Придя с работы, я запираюсь, опускаю во всех помещениях жалюзи, отключаю телефон и мобильник. Ощущение такое, будто готовлюсь к самоубийству. Я почему-то нервничаю и стыжусь саму себя: проходя переднюю, даже не смотрюсь в зеркало. Принимаю душ, надеваю романтическое летнее платье, которое когда-то мне купил Рикки: оно длинное, почти до пола, кремово-белое, в маленьких голубых цветочках. В нем я всегда казалась себе слишком солидной, но Рикки уверял, что оно очень идет мне (кстати, это платье точно отражает представление Рикки о женственности).
Я была в нем, когда год назад впервые увидела Оливера.
Сначала сажусь в гостиной, но потом, подумав, перехожу в свою комнату и ложусь на расстеленную постель.
На ту самую постель, на которой мы с Оливером впервые любили друг друга.
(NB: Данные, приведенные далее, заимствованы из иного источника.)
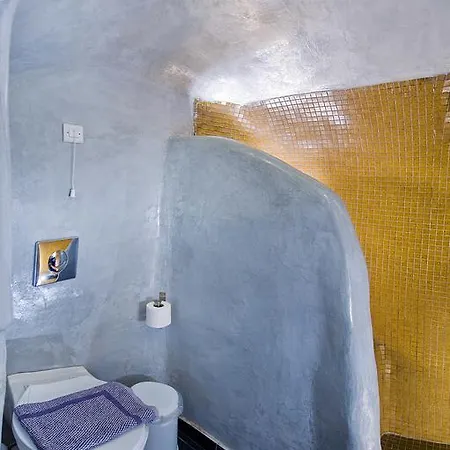Hotel Katerina's Castle - Caldera Cave Imerovigli (Santorini)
Я не в силах избавиться от ощущения, что доктор Вольф наблюдает за мной. В квартире необычно тихо. Я поднимаюсь с постели и вставляю в проигрыватель один из любимых дисков Оливера. Но что делать дальше? Все идет как-то очень тяжко. Ну ладно. Начну с того, что положу на постель все вещи, так или иначе связанные с Оливером. Их немного: два красно-желтых альбома с фотками, снятыми на Канарах и в Хорватии, серебряный поясок и сережки, подаренные мне ко дню рождения, его бритвенный аппарат (я так долго исподтишка брила им ноги, пока он вконец не разъярился и не подарил его мне…), его зубная щетка и черная майка с рекламой виски Johnnie Walker, в которой он поначалу здесь спал. Все эти предметы кажутся мне мертвыми, Оливера в них нет. Мои воспоминания оживляют только фотографии. Я задумчиво листаю хорватский альбом и вдруг вспоминаю веер морщин вокруг его глаз, его широкие плечи, его детские часики на загорелом запястье, его заношенные рубашки и свитера…
Отложив альбом, я вспоминаю его старую «шкоду» и наши загородные поездки. Вспоминаю, как в кино или в такси я клала голову ему на плечо.
Думаю о том, как он помогал бабушке убирать папину могилу.
Слышу, как гремел в замке его ключ.
Представляю себе, как он гладил меня. Вспоминаю его смех, его голос, его дыхание, его жесты, его походку, его усталость, его поцелуи.
(И разумеется, громко плачу.)
Лаура разговаривает с фотографиями — Happy birthday! — Легкий осенний промискуитет — Обвинение в феминизме — Трудоголик Роберт
1
Как ни странно, совет доктора Вольф в самом деле сработал! Потихоньку, полегоньку, но сработал.
Прежде всего я заставила себя больше не надеяться, что Оливер напишет мне или позвонит. В дальнейшем я уже могла думать о нем и при этом не реветь (исключение подтверждает правило). Благодаря фрау Вольф я наконец осознала, что он бросил меня не для того, чтобы изничтожить. Своей связью с Блудичкой он ничуть не унизил меня — дело тут вовсе не в моей привлекательности. Он скрыл свою связь с Блудичкой только потому, что не способен отвечать за свои поступки и боится моей реакции на них.
И все, баста!
В конце сентября я отважилась принести из подвала его фото. Выбрав самую удачную, я положила ее на стол перед собой. Я уже могла смотреть ему в глаза.